This week, the Dutton claim was that refugee policy goals are "frustrated" by the Constitution is utterly wrong, in law and in fact. Under s51(xxvii), the Commonwealth is constitutionally authorised to make laws with regard to immigration. This is not complex. There is no ambiguity. A constitutional head of power for the Commonwealth to make laws on migration exists and laws on migration it makes.
One such law is the Migration Act 1958 (Cth). The current policy is that anybody who arrives in the migration zone by boat to seek asylum will never be re-settled in Australia. This monstrosity is codified into s5AA, which defines "unlawful maritime arrival" to include babies born in Australia to asylum seekers we have forcibly sent to offshore detention.

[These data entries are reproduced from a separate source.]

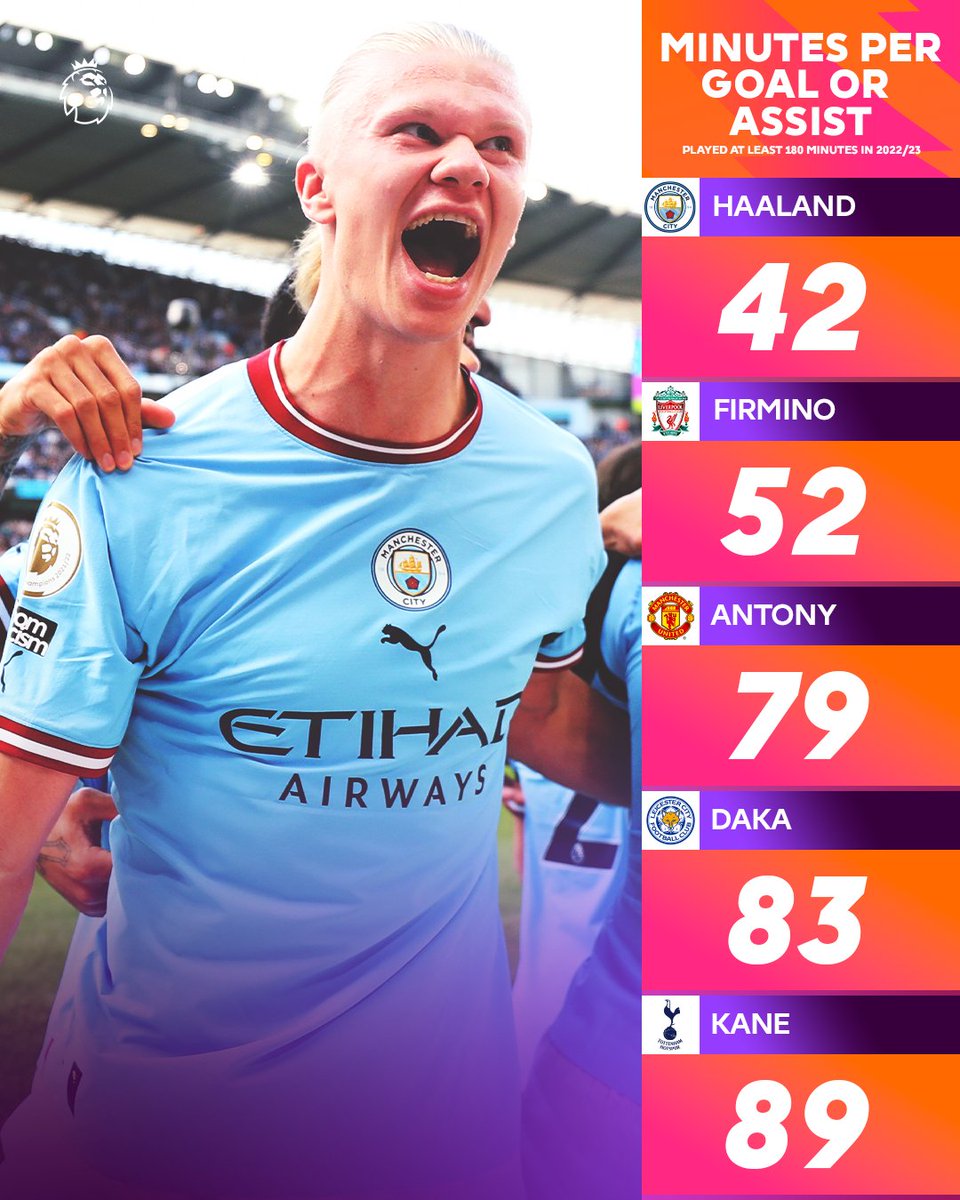 premierleague's tweet photo. Making an impact in front of goal 👊 https://t.co/lo5JlpAFMD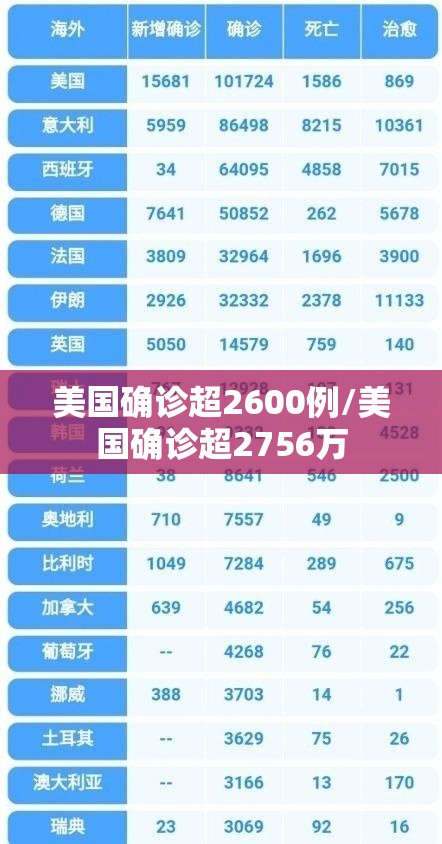 美国确诊超2600例/美国确诊超2756万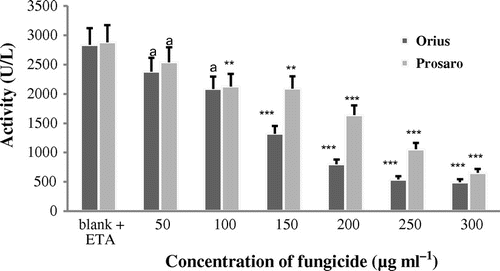Figure 1. In vitro inhibition of AChE activity in cattle erythrocytes after exposure to tebuconazole-based fungicides (Orius and Prosaro®) from six animals.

Ponder this: Australia is predominantly ruled by people descended from boat arrivals — people who not only found asylum but have prospered from untold riches derived directly from stolen land. These people systematically murdered descendants of the actual first fleets, which arrived 60,000 years ago and produced descendants like Malcolm Bligh Turnbull, who constantly boasts that this is the most successful multicultural nation on earth. White people presume to define what is "un-Australian" in the public debate and have defined at law who is un-Australian forever, based on their mode of arrival being by boat.
Rather be a refugee lawyer than a Nazi potato. https://t.co/Gfstn4kwxr @IndependentAus pic.twitter.com/xmFA8vgUpA
— Dave Donovan (@davrosz) August 29, 2017
These are incredibly difficult truths to communicate to a lecture hall of law students who are raised on the systemic lies of White Australia and daily exposed to the dishonest revisionism of the current political leadership. It requires regular reiteration of first legal principles; constant reminding of ethical norms.
All are equal before the law. Refugees have legal rights. Murder is always wrong and thus mass murder is too. It is logically impossible to enter somebody else’s land and then slaughter them in self-defence. No, the free speech "right" of Andrew Bolt to disseminate harmful racist nonsense can not be reconciled with summary offences used to criminalise black people who say "fuck" near a police officer.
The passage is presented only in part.